Fantômette a été l’une de mes premières lectures passionnées. Petit, je dévorais ses aventures dans la «Bibliothèque rose». Mon premier héros était une héroïne. Et peut-être que, des années plus tard, Viola et les femmes fortes de mes livres viennent de là. J’hésitais au début à employer le mot «féministe» pour parler de Viola, car je ne voulais pas donner l’impression que les femmes avaient besoin de moi pour se défendre. Mais Viola est une ode à la femme libre. C’est une femme qui refuse toutes les contraintes qui sont associées à son époque, à son sexe et qui va se battre contre ses propres limites. C’est une héroïne très moderne.

Outre Mimo et Viola, il y a deux autres personnages prédominants dans votre livre: l’art et l’Italie. Sont-ils indissociables?

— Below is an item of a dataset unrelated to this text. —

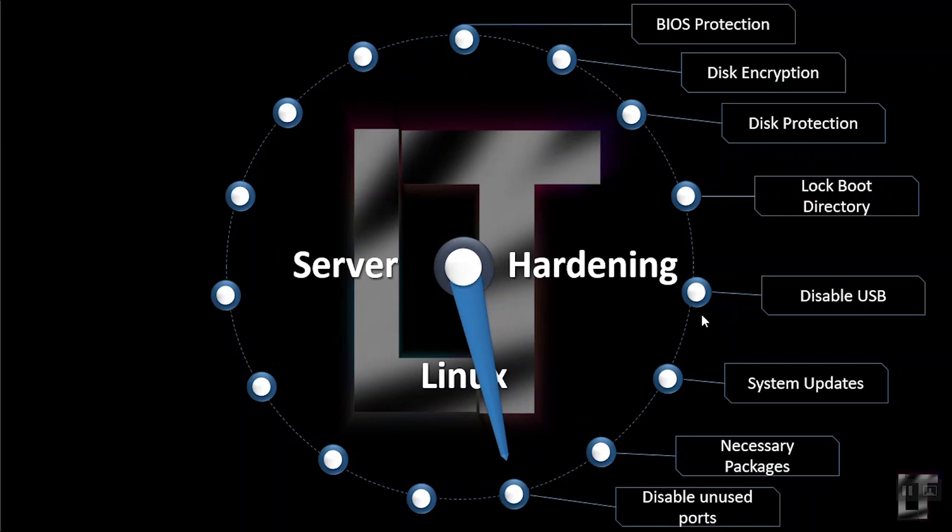Next is disable unused ports. Hackers and crackers usually attack on the available ports from the network side, so it is always recommended to enable only the ports that are used. With the help of netstat networking command, you can view all open ports and associated programs. Use chkconfig command to disable all unwanted network services from the system.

Oui! L’Italie a tellement offert à la civilisation occidentale que j’ai du mal à dissocier ce pays de l’art. L’art est au coin de la rue. C’est absolument étonnant. Mimo parle de l’Italie comme de cette «terre de marbres et d’ordures» où des façades de marbre les plus sublimes peuvent finir dans des tas d’ordures. C’est un pays sublime. J’y suis allé pour la première fois à 15 ans et je crois que ma sensibilité à toute forme d’art s’est développée devant cette beauté permanente.